La Maison du Vallon voit défiler chaque année 2 500 petits, et il n’est pas rare d’y entendre plusieurs langues, en toute cohérence avec la diversité marseillaise. Règle numéro 1 ici : ne pas franchir la ligne jaune tracée au sol, séparant l’espace des bébés (un grand tapis rond) du reste de la pièce. Aucun véhicule, poussette, camion, tricycle ne doit passer ! Imaginez un bambin qui, du haut de son camion à pédales, fonce droit sur le tapis où gazouille un bébé de trois mois… ! Évidemment, il est aussi question de séparation symbolique et d’accompagnement à la vie sociale. Dans un monde d’adultes pressés qui accueillent difficilement le rythme des enfants, la Maison du Vallon est une structure précieuse et privilégiée.
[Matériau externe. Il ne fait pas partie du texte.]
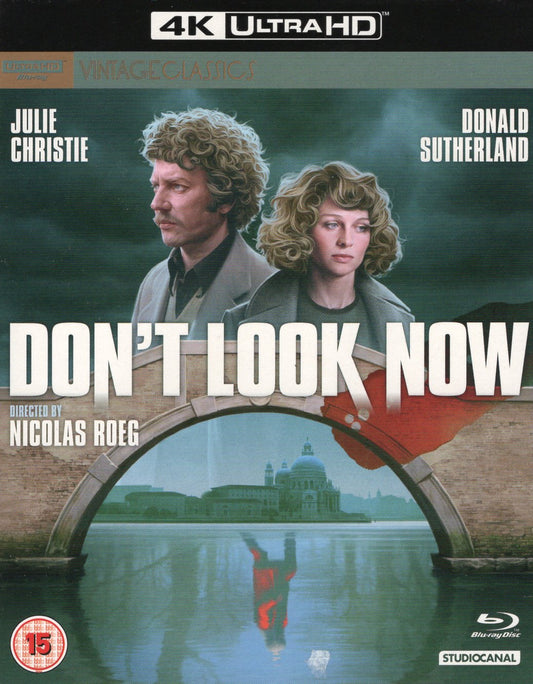 Don't Look Now (1973) 4K UHD + BD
Lorsque, par choix ou par nécessité, on consacre une grande partie de son temps à s’occuper des enfants, on se retrouve vite à l’écart, isolé. « Quand j’ai découvert ce lieu, nous raconte Sophie, j’ai été très impressionnée. Il m’a paru unique dans ce qu’il proposait. Non pas en termes d’activités, mais de possibilités d’échanges, de façons d’y être et de se servir du lieu. Très peu d’indications sont données en arrivant, donc chacun peut se l’approprier selon ce qu’il cherche : un espace pour passer du temps avec son enfant, pour jouer avec lui. Pour qu’il rencontre d’autres enfants. Un espace pour soi, pour sortir du foyer, pour voir d’autres enfants et prendre du recul sur le sien. C’est un moment où l’énergie de son enfant est canalisée par les autres petits, et où l’on peut alors partager avec les gens présents, tranquillement, se livrer, se dé-livrer même parfois. » Ni crèche, ni PMI (Protection maternelle infantile), de telles structures sont d’une importance considérable pour les enfants, et les adultes qui en prennent soin.
C’est au 13, rue de Lodi, à Notre-Dame-du-Mont qu’il est installé depuis maintenant 25 ans, dans des locaux détenus par le CCAS. Mais peut-être plus pour longtemps : les propriétaires annoncent la vente de leur patrimoine privé. La Maison du Vallon, cette petite bâtisse et sa cour ombragée sont sur la touche. On imagine la juteuse opération immobilière que se paye le CCAS… sur le dos des minots, et de leurs parents. C’est un marchand de biens qui rachète, avec rénovation et remise sur le marché pour projet. La belle affaire. Et sans aucune concertation avec les premiers concernés. Un comité de soutien a été créé par des parents, pour accompagner les 15 accueillants dans leur lutte pour continuer d’exister [1]. Leur exigence : soit se voir offrir un relogement dans un lieu adapté, soit obtenir les finances nécessaires pour retrouver un tel lieu sur le marché privé. Pour le moment, aucune proposition satisfaisante n’a été apportée.
Plus préoccupé par l’assainissement de son budget que par les minots marseillais, le CCAS n’entend rien. À croire que Gaudin, maire de Marseille – et président du CCAS ! –, n’aurait pas assez fréquenté de Maison Verte pour régler son problème avec la « séparation ». Cette ligne jaune qui sépare la question économique de la question politique.